INSTRUCTIONS FOR THE TASK :: Please set down only the lines below starting with the line with "26.77''H Wooden Nightstand" and going on through the line with "Sun Stroke Charm Necklace", verbatim and without pictures.

SUPPLIED DATA ::

= Beginning of Section =

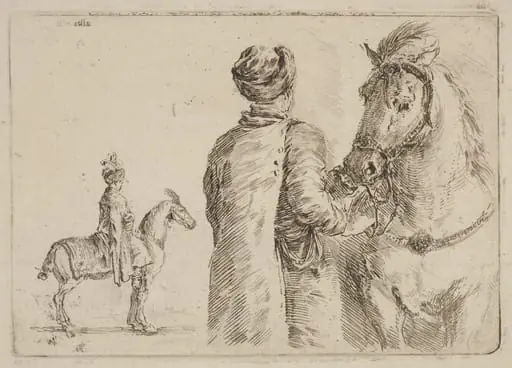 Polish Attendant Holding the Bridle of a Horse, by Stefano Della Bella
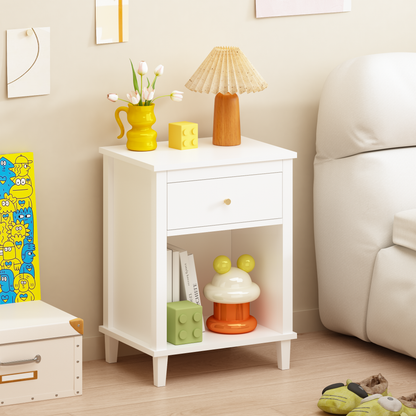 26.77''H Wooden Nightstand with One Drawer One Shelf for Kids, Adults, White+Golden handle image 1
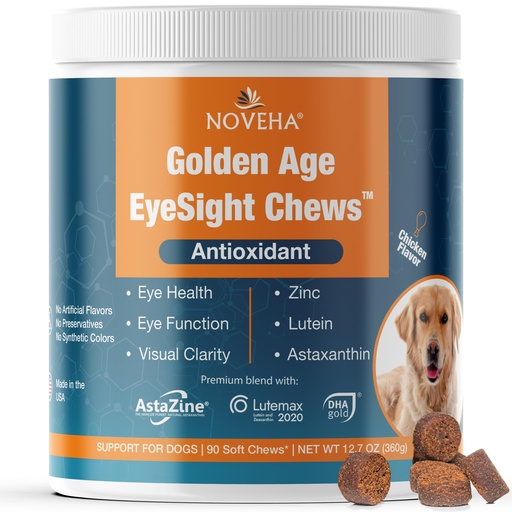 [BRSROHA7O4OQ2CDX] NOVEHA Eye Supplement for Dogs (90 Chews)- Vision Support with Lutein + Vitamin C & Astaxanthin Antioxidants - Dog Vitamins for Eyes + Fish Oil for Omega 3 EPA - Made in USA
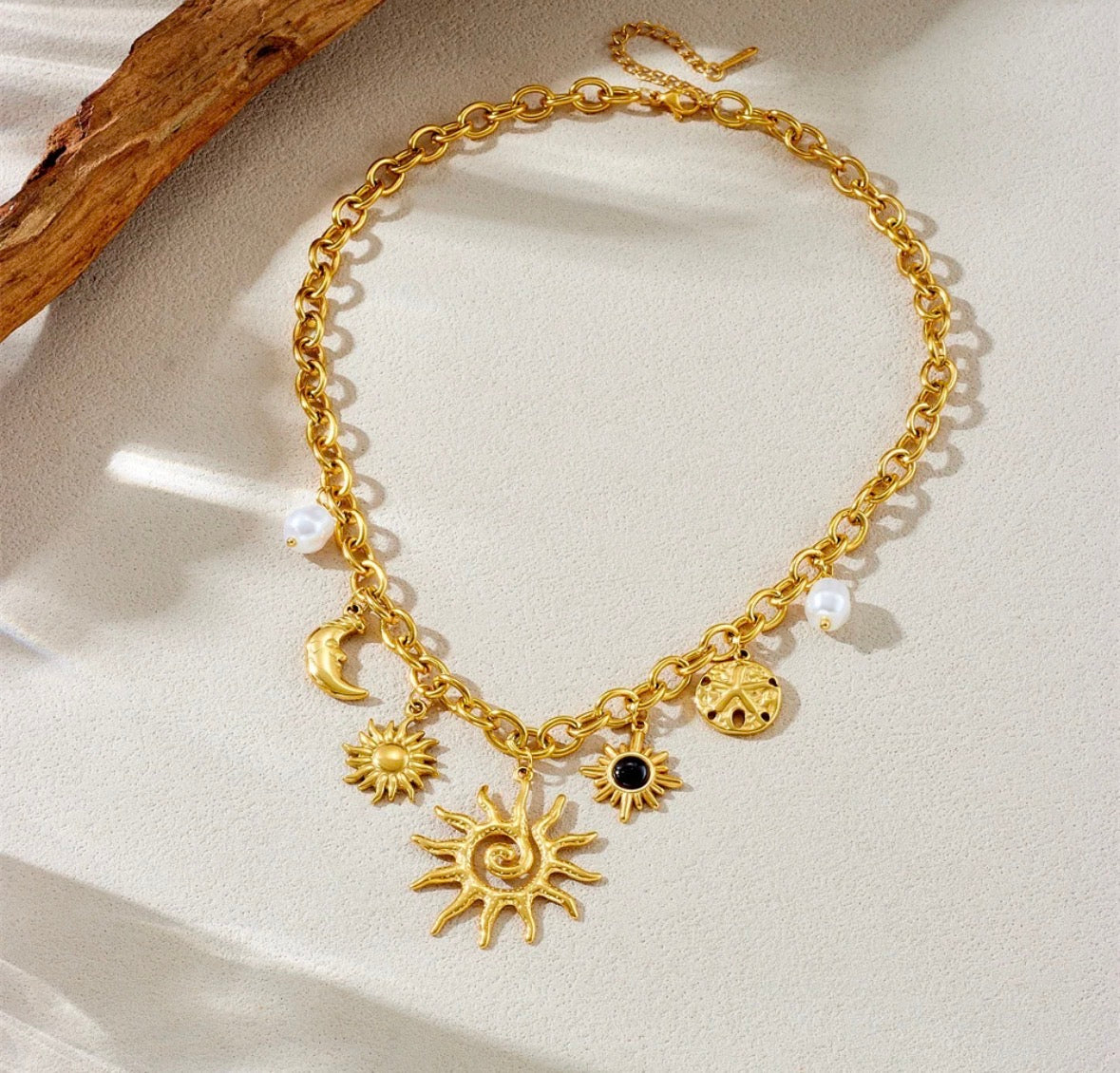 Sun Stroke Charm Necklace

= End of Section =
= Beginning of Section =

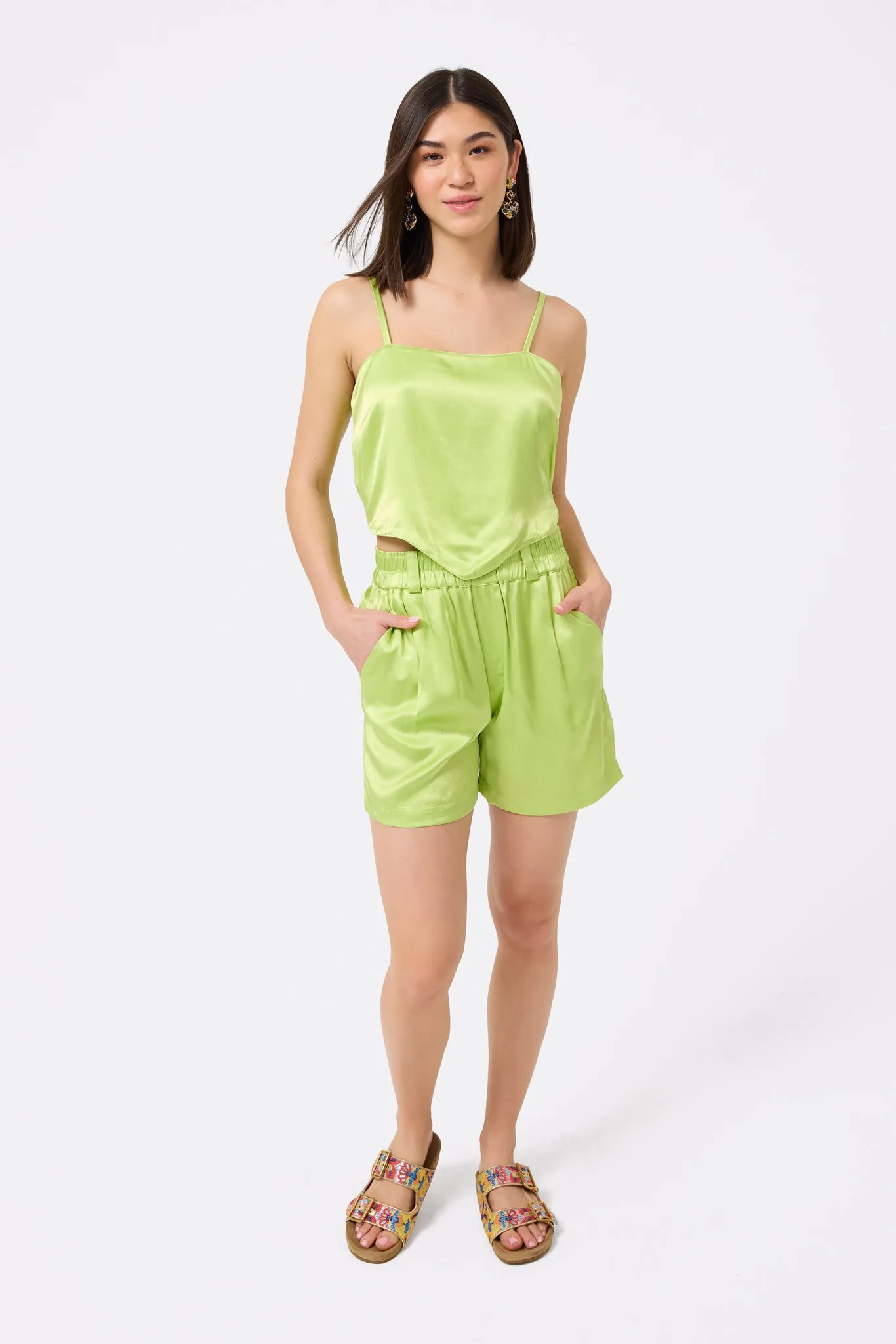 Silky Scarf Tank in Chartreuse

= End of Section =

EXERCISE OUTPUT ::
 26.77''H Wooden Nightstand with One Drawer One Shelf for Kids, Adults, White+Golden handle image 1
 [BRSROHA7O4OQ2CDX] NOVEHA Eye Supplement for Dogs (90 Chews)- Vision Support with Lutein + Vitamin C & Astaxanthin Antioxidants - Dog Vitamins for Eyes + Fish Oil for Omega 3 EPA - Made in USA
 Sun Stroke Charm Necklace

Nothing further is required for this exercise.